You people are SO mean spirited!
Don't you know that what's really important is that you just love Jesus?


----------



## hhtuck (Feb 2, 2005)

*Yikes.*

I only caught like 5 minutes of this in the breakroom... which was enough to know that I wasn't missing anything. I'm glad I wasn't at home, because I know my wife would have been upset with me for screaming at the TV. 

They sounded like a bunch of scuzzy politicians. What an embarrassment.

God help us.


----------



## LadyFlynt (Feb 2, 2005)

Hey, my post got removed from here! better go check my post count....mumblemumble....


----------



## blhowes (Feb 2, 2005)

> _Originally posted by Paul manata_
> I don't know if we can say that the tsunami was brought for judgment. it may be, but I don't think we can say it without revelation.


I agree with you that we can't dogmatically say that the tsunami was brought about for judgment. My take on Graham's response was not that he was saying the tsunami was brought about for judgment. I came away with the thought that he was saying its a fact that the tragedy happened, God allowed it to happen, and you need to repent or you will likewise perish. Was that your take?

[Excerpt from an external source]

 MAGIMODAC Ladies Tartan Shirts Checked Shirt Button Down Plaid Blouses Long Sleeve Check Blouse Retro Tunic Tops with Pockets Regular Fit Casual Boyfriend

I didn't watch the whole thing, but managed to catch maybe 10 or 15 minutes of it. Were there any other things said in the rest of the show that you thought were good?

Apart from this one statement, I don't recall much said that would prompt me to give a hearty AMEN! to. I couldn't believe it when Lahaye (I think) was talking about the end time signs and Larry King said, "So, you mean I don't have a free will?". They quickly addressed that objection by reaffirming the power of our free will!

I had never heard of TD Jakes before. They showed a clip of him "powerfully" preaching and stirring up his congregation. He didn't seem to display that same power (in my opinion) last night.

[Edited on 2-2-2005 by blhowes]


----------



## ChristianTrader (Feb 2, 2005)

> _Originally posted by Paul manata_
> 
> 
> > _Originally posted by blhowes_
> ...



Couldnt one say that it was judgment but also say that we probably are unable to pin it on any particular sin.

CT


----------